Harold is survived by his beloved wife of 52 years, Anita Hinners of Humboldt; children, Julie Fridolfson of Fort Dodge, Joan "Joni" (Dan) Noack of Waukee, and Wade (Lauri) Hinners of Ames; grandchildren, Brittani Rucker of West Des Moines, Rebekah Noack of Winona Lake, IN, Bethany Noack of Waukee, Benjamin Hinners and Sarah Hinners both of Ames; and his nieces and nephews who often thought of him as a father. He was preceded in death by his parents; sisters, Junis Rezabek, Hazel Madsen, Irene Hamilton, and Esther Cudd; and his brother, Ernest Hinners.
Harold Henry Hinners, the son of Ernest and Bessie (Budd) Hinners, was born January 30, 1932 on a farm near Burnside, Iowa. In 1936, the family moved to their farm near Gilmore City. Harold attended country school and graduated from Humboldt High School in 1950. He enlisted into the United States Army and served in Korea during the Korean War. Following his honorable discharge, he returned home to farm with his parents. He met Anita Solbeck who was working in the bank and on August 6, 1961 the couple was united in marriage at the United Methodist Church in Humboldt. They made their home and farmed together on the family farm near Gilmore City until moving to their farm near Rutland in 1966.

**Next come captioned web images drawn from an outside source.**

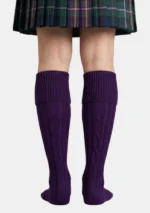 Purple Kilt Socks Back View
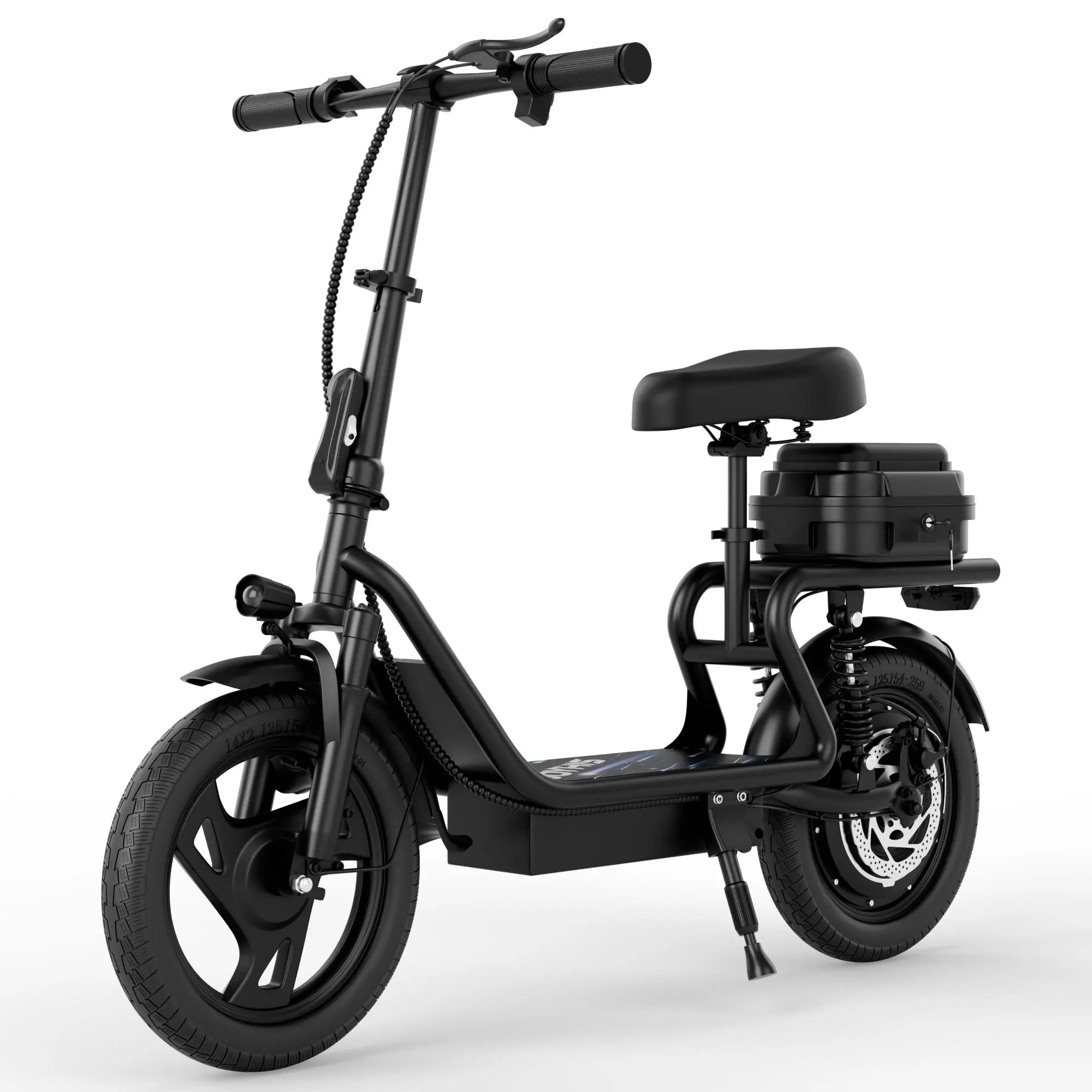 500W Electric Scooter for Adults with Seat, 48V 10.4Ah Battery, Top Speed 22 Mph, Driving Range 21-27 Miles,Pet-Friendly Design with Rear Basket Scooters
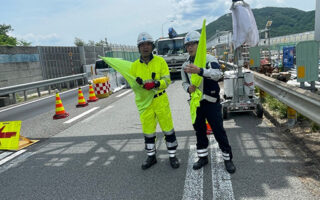 安全パトロール 長野自動車道上下線追越車線規制（諏訪営業所）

Harold was a member of the Oak Hill Baptist Church. He loved his farming operations, which included farrowing and raising hogs and sheep. He was an avid Allis Chalmers fan and enjoyed playing dominos. He and Anita enjoyed traveling, taking their children on camping trips around the US and Canada, following their grandchildren's activities, attending Bluegrass Festivals, visiting distant cousins in Norway and Denmark, and the last seven winters in Texas.